映画は時代の空気や、世代の感覚を伝え続ける、面白くて大切な文化だと思います。KINENOTEとこのブログに、見た映画の感想を記録しています。

デヴィッド・フィンチャー 監督「ゴーン・ガール」844本目

まーなんてイヤな映画でしょう!(以下ネタバレ)
怖いとは思わないし、アガサ・クリスティ原作のドラマに、浮気してる夫に殺されたと見せかけて自殺する中年女性が出てくるのもあったし、人間って怖いよ〜というのはこの映画に限らず、驚きではありません。
これをロザムンド・パイクが演じるということや、彼女がマスカラしないと誰だかわからないアジア人顏になることは衝撃でしたが。

この映画を見て「ジョンベネちゃん事件」を思い出した人も多そう。アメリカのショービズとかワイドショーとかリース・ウィザースプーンの映画とか、派手で元気で明るくて楽しいというあの国の上澄みの部分の下に何があるのか。あのバドガール的明るさがむしろ怖いと感じていた人には、ああやっぱりこういう映画が出てくるか、と納得する部分もあったのでは。

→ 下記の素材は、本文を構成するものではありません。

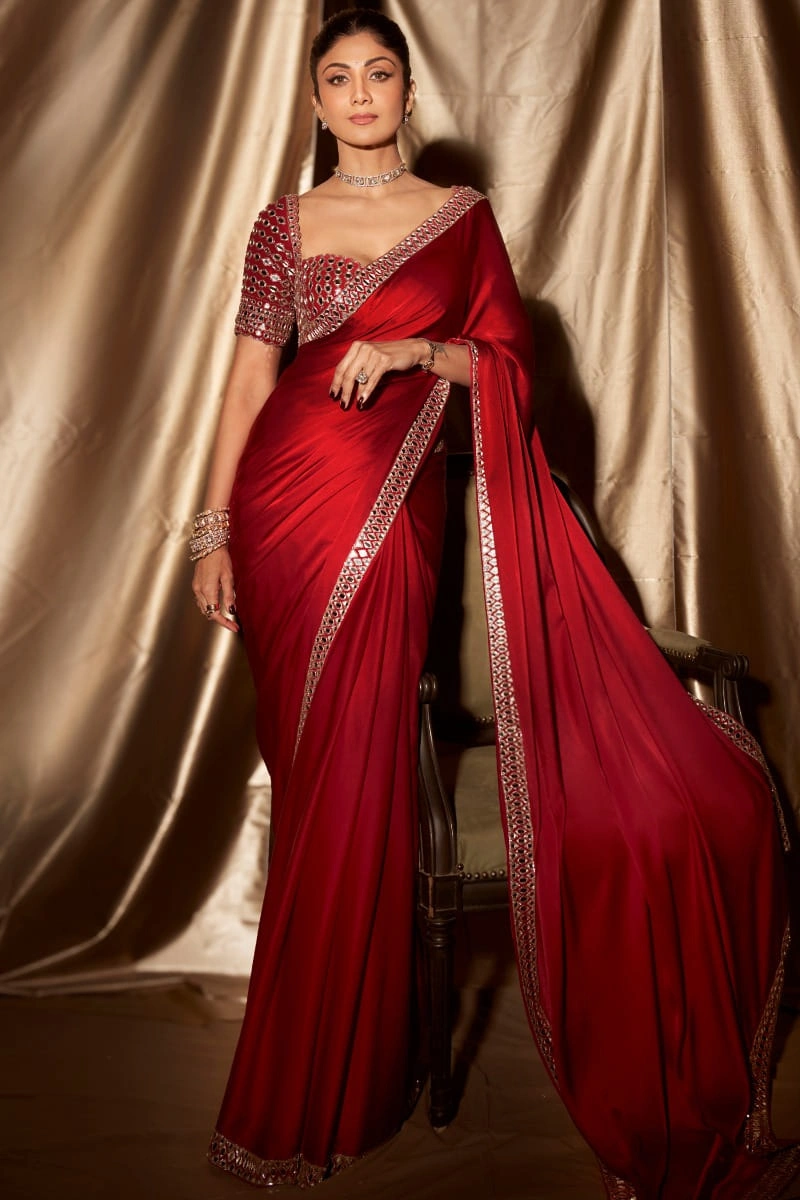 satin saree ruby formal seated mirror blouse full length Hammad Bespoke Official.webp satin saree ruby formal seated mirror blouse full length Hammad Bespoke Official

驚きのある映画ではないし、うかつな浮気夫と粘着質の妻(日本のドラマならむしろよくある設定)の描きかたはアニメみたいに極端だけど、妻の計画が世間の反応を受けて着々と変更されていく感じが、黒くて飽きさせません。監督の知恵勝ちです。ほんとこの監督、救いのない黒さが好きだな。観客がおぞけ立っている姿をスクリーンの端から見て「ウッシッシ」とか言ってそう。

少なくとも、一度は誰しも見るべき作品であることは間違いありません。